The researchers got data from three different studies conducted by researchers at the Arkansas Children’s Research Institute on 154 children with autism. While the information included only 22 of the 24 metabolites he used to create the original algorithm, he thought it would be sufficient.
His team attempted to replicate the original algorithm using the 22 metabolites from the original group of 149 children. The algorithm was then applied to the new group of 154 children for testing purposes.
When applied to each child, it predicted autism with 88 percent accuracy.
The difference in accuracy rates is attributable to several factors, but Hahn said it’s mostly because information on the two unavailable metabolites in the latest data were strong indicators in the previous study.
Hahn said the next step will be to test on a larger group, and to focus on younger children.
“If this can be further replicated in a larger cohort recruited at multiple sites, then there is the promise of having a commercially available test in the future that can support an autism diagnosis,” Hahn said. “Such a test would not replace existing observational diagnoses, but can supplement them.”
As for when a test could be on the market, it will take several years, Hahn noted.
Samuel Malloy, medical director at Dr Felix, an online pharmacy based in the UK, noted that there are so many different factors that make up an autism diagnosis.

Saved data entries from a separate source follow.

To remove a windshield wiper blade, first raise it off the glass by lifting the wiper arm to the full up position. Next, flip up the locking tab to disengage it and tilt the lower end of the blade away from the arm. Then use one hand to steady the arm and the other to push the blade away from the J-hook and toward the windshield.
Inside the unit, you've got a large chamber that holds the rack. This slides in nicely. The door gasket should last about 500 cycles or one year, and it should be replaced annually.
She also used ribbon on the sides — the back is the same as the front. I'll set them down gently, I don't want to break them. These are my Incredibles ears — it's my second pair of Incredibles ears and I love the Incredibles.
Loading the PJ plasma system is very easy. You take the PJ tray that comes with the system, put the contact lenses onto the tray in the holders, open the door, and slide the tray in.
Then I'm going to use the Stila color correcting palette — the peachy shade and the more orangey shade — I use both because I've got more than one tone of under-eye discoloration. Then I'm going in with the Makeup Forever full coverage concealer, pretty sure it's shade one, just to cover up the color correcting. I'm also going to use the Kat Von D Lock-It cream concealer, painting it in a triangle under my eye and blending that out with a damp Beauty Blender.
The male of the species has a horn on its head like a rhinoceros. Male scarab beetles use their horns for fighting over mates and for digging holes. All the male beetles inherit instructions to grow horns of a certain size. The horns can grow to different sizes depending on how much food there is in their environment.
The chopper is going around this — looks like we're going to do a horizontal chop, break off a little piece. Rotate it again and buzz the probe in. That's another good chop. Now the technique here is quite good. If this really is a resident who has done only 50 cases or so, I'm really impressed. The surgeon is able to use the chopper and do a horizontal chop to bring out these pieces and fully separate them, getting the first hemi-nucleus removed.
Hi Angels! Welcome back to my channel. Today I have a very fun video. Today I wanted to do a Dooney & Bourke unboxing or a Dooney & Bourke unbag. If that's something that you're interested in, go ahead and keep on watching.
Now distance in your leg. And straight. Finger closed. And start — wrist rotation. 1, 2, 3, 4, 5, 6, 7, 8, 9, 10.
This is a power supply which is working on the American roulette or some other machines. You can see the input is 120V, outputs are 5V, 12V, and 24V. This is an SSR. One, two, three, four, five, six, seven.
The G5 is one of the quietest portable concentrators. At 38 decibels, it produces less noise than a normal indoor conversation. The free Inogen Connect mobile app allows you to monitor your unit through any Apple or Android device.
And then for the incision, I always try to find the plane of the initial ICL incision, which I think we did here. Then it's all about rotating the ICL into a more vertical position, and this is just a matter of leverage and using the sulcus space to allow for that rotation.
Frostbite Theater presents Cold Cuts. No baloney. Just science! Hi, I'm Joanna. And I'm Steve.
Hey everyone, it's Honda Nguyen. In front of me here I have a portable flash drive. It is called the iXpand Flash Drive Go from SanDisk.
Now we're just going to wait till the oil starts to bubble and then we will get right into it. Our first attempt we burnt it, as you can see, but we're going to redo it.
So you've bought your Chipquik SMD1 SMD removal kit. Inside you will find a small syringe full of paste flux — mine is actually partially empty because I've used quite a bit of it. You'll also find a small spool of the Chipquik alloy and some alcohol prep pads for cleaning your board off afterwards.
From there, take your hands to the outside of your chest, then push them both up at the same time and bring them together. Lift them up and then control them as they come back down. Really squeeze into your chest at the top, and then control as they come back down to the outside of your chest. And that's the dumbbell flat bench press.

A person who needs round-the-clock care receives the same diagnosis as a high-functioning individual with autism. Malloy wasn’t associated with the research.
“With the complexity and breadth of diagnosis, a blood test for autism seems unlikely to be able to take into account these individual differences, unless the diagnostic criteria are developed further,” he noted.
Naila Rabbani, PhD, a researcher from the University of Warwick in England, knows the difficulties in finding a way to detect autism in a simple test.
While not involved in this research, her team developed blood and urine tests to detect autism and published their research this year.
As for Hahn’s test, Rabbani told Healthline it needs further validation and study. After that, it could be suitable for routine clinical use.
Her team contends there’s a link between ASD and blood plasma proteins through processes known as oxidation and glycation. The tests pinpoint damage to those proteins.
During those processes, reactive oxygen species (ROS) and sugar molecules can spontaneously modify proteins. Children with ASD have higher levels of the oxidation marker dityrosine (DT) and certain sugar-modified compounds called “advanced glycation end products (AGEs),” according to her study.
They said their test was 92 percent accurate.
Her team is still trying to raise more funding to further research the tests they developed.